+++ Exercise input +++
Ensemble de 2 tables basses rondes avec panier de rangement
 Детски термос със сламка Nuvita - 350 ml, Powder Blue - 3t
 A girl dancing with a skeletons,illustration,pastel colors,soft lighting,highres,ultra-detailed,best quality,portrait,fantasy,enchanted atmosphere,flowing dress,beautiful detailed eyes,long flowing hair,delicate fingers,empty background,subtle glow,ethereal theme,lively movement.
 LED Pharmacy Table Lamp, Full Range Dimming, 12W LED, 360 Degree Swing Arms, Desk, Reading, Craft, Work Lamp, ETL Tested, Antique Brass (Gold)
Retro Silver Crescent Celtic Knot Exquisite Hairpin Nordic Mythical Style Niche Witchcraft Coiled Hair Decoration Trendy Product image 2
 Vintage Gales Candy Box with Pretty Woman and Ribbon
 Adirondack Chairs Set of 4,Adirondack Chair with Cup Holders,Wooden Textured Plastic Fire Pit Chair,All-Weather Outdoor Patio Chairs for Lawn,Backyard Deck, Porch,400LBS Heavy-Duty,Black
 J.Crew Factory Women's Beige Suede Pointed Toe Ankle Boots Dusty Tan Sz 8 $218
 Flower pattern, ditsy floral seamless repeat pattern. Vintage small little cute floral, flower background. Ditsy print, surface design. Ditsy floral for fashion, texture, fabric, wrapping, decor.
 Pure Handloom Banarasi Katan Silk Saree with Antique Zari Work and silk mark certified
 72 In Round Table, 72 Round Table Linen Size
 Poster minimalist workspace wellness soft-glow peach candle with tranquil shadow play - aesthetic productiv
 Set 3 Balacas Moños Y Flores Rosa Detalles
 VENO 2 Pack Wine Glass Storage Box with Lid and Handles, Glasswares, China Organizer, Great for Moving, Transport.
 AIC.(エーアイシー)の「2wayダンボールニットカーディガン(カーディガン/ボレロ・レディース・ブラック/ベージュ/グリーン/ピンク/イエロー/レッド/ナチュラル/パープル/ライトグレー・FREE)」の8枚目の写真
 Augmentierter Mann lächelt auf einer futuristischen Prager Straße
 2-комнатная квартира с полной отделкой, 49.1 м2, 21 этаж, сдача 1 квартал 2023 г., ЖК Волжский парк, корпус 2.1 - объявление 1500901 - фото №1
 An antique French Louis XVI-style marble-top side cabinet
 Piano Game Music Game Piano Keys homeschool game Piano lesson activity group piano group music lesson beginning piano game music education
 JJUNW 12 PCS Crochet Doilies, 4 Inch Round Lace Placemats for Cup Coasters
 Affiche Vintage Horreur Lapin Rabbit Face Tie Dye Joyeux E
+++
### What you need to do
Reply with nothing but the number of lines in the entries above that hold the string "Vintage".

### Written solution
3